Homeschooling Right and Wrong List

This year’s math workbooks are officially recycled (it’s becoming quite a happy tradition in our house), and I have this need to list some things about this homeschool year that I might have done right and things I still need to work on.

Right: I switched from Ambleside Online to Five in a Row for my youngest daughter, and changed her attitude from “I hate school” to “let’s do school!”

I decided to read from Exodus and Luke for Bible class, having the kids tell the passage back to me. No curriculum, no fuss, just the Bible and us.

I did not force my oldest two to continue Spelling-You-See when we finished their workbooks mid-year. I like the curriculum, but they were burned out. So we did some free Bible spelling sheets from Garden of Praise. That went well.

I gave my son a geography workbook. Common core approved (and I’m anti-common core). It’s basically what I would call busy work. He loved it and does it on his own time. He has plans to finish it this summer.

We did plenty of art projects, some inspired by our own ideas and some following the directions of our lovely art instruction video series, Home Art Studio.

I persevered with out-loud readings (at least three a week). My middle daughter has improved her reading big-time since the beginning of the year. My youngest has also improved and is at a more advanced stage than her sister was last year at this time.

We read tons of books this year, and we enjoyed them. I read the entire Little House series out loud for the second time (upon request) and now we are in the middle of the Anne of Green Gables series. I read Robin Hood for the second time. I read Where the Red Fern Grows. And more. Lots more. We love stories.

Wow, this is really encouraging. But now I’m going to start the Wrong list, not to discourage, but to clarify what I need to do better next year.

Wrong: I frequently got too frustrated with my middle daughter’s inability to subtract. It’s not that she can’t subtract; she simply gets overwhelmed by all those numbers on the page. Patience, patience. If I stand next to her and guide her through the problems, she can handle it.

I’d like to have a more exact start time for school. Flexibility is a beauty of homeschooling, but my mornings seemed so up-in-the-air, and the children flung themselves into playing so I wouldn’t make them start school yet.

I need to combine history (so all three kids study the same thing) and forget about English history for a few years (or forever). Why on earth did I ever think Island Story was a good idea? I never learned that stuff and I was perfectly fine. In fact, I am still unlearned, and I have a hard time discussing it with my son because I don’t know what I’m talking about. Seems like a waste, although my son liked it better than I did.

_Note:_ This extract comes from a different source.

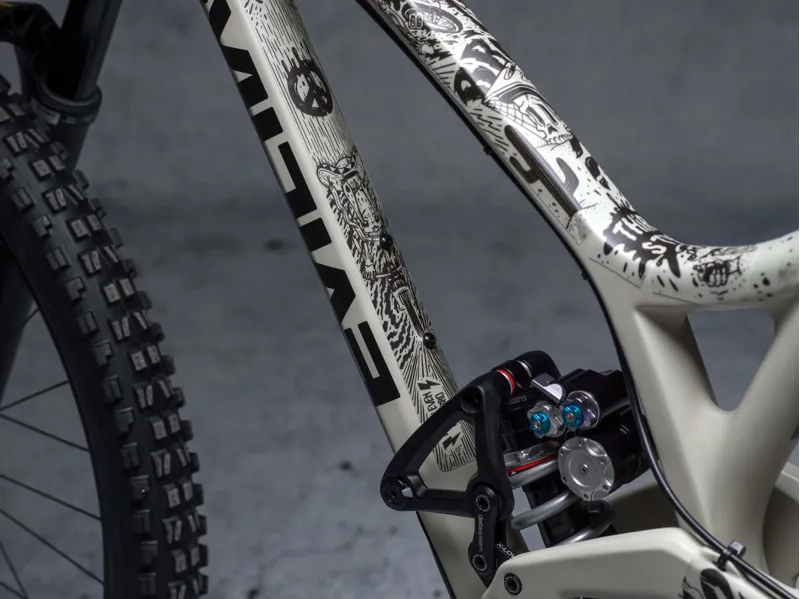 DYEDbro Fluor Black Frame Protection Kit-3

I trusted Ambleside Online too much, and I got discouraged by the AO leaders who insisted things must be done such-and-such a way. We crammed in too many readings and I tried too hard to force them to narrate every reading. As a result, we didn’t enjoy some things and learned to hate narration. I think I won’t even say the word narration anymore. The N word.

Science. Well, I don’t know if this is wrong or not, but I was pretty lackadaisical toward science. We did it when the Spirit moved me. I should probably be more conscientious about that.

Nature study. We didn’t even try to keep a journal this year, and my youngest daughter missed that. I should be more conscientious about this, too.

That’s all for now. If you have read to the bottom of this post, then I hope it was helpful or interesting. Mostly, it was helpful and interesting for me. Sometimes I have to write stuff out to understand what I’m thinking.